* _PROBLEM STATEMENT_:
Each entry has to be given again in its exact wording, and no picture may appear in the result.

Saved data entries
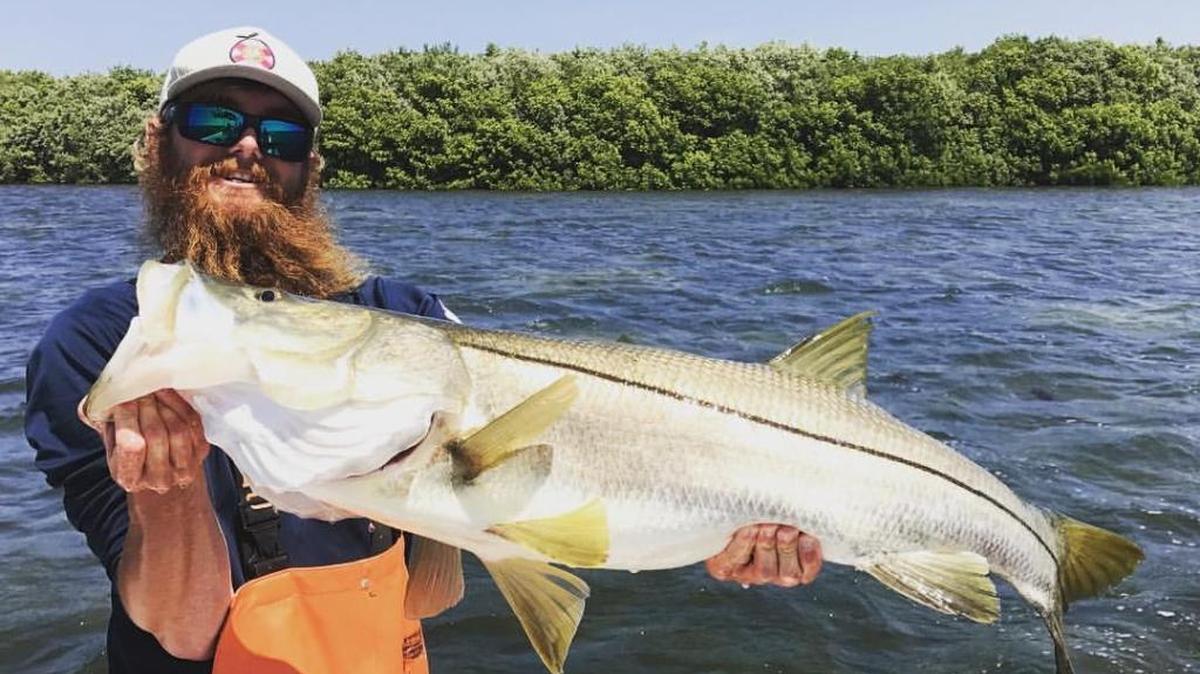 Capt. Will Osborne holds the 44 1/2 snook caught in Sarasota Bay on Monday, April 3. the fish was caught while braving windy conditions.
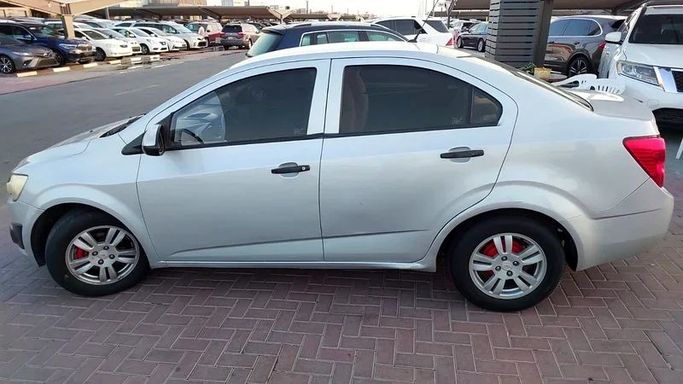 Used Chevrolet Sonic I, 1.8 l, 2014 in Sharjah by Al Aqsa Used Cars, Silver color. GCC Specs | AUTO.AE
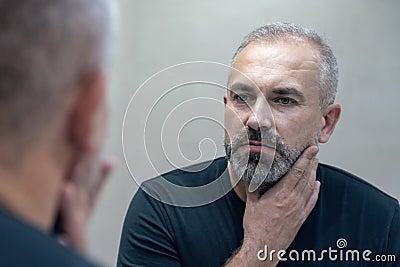 Middle-aged handsome man looking in mirror in bathroom touching his beard thinking of cutting it off Stock Photo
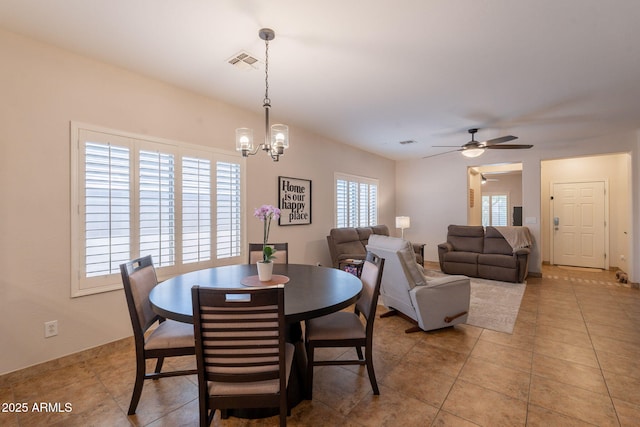 1927 W Mine Trl, Phoenix, AZ 85085 - dining room with ceiling fan, light tile patterned floors, and a chandelier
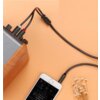 Na zdjęciu widoczny jest czarny kabel audio z wtyczką Jack 3.5 mm podłączony do urządzenia mobilnego oraz dwoma wtykami RCA podłączonymi do drewnianego głośnika. Na ekranie urządzenia mobilnego wyświetlana jest aplikacja do odtwarzania muzyki, a obok leżą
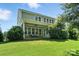 Expansive backyard with a covered patio and mature landscaping at 1908 Masons Bend Dr, Fort Mill, SC 29708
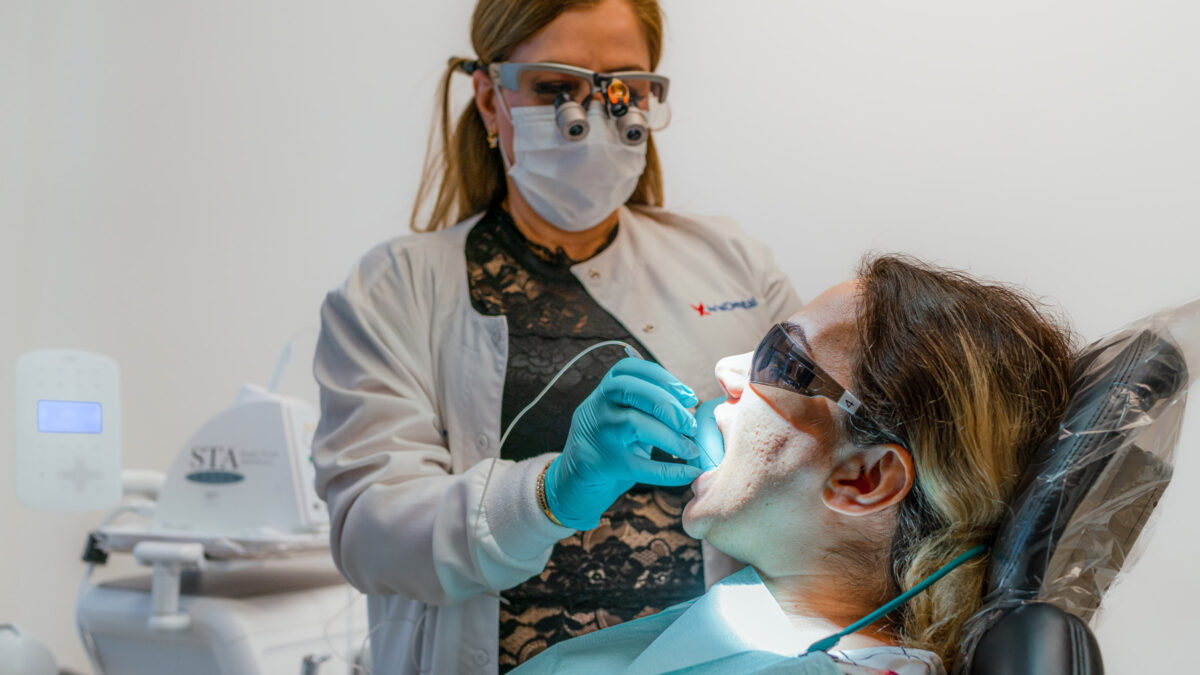 Dr. Maryam Horiyat performing a dental procedure on her patient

* _ANSWER SPACE_:
 Capt. Will Osborne holds the 44 1/2 snook caught in Sarasota Bay on Monday, April 3. the fish was caught while braving windy conditions.
 Used Chevrolet Sonic I, 1.8 l, 2014 in Sharjah by Al Aqsa Used Cars, Silver color. GCC Specs | AUTO.AE
 Middle-aged handsome man looking in mirror in bathroom touching his beard thinking of cutting it off Stock Photo
 1927 W Mine Trl, Phoenix, AZ 85085 - dining room with ceiling fan, light tile patterned floors, and a chandelier
 Na zdjęciu widoczny jest czarny kabel audio z wtyczką Jack 3.5 mm podłączony do urządzenia mobilnego oraz dwoma wtykami RCA podłączonymi do drewnianego głośnika. Na ekranie urządzenia mobilnego wyświetlana jest aplikacja do odtwarzania muzyki, a obok leżą
 Expansive backyard with a covered patio and mature landscaping at 1908 Masons Bend Dr, Fort Mill, SC 29708
 Dr. Maryam Horiyat performing a dental procedure on her patient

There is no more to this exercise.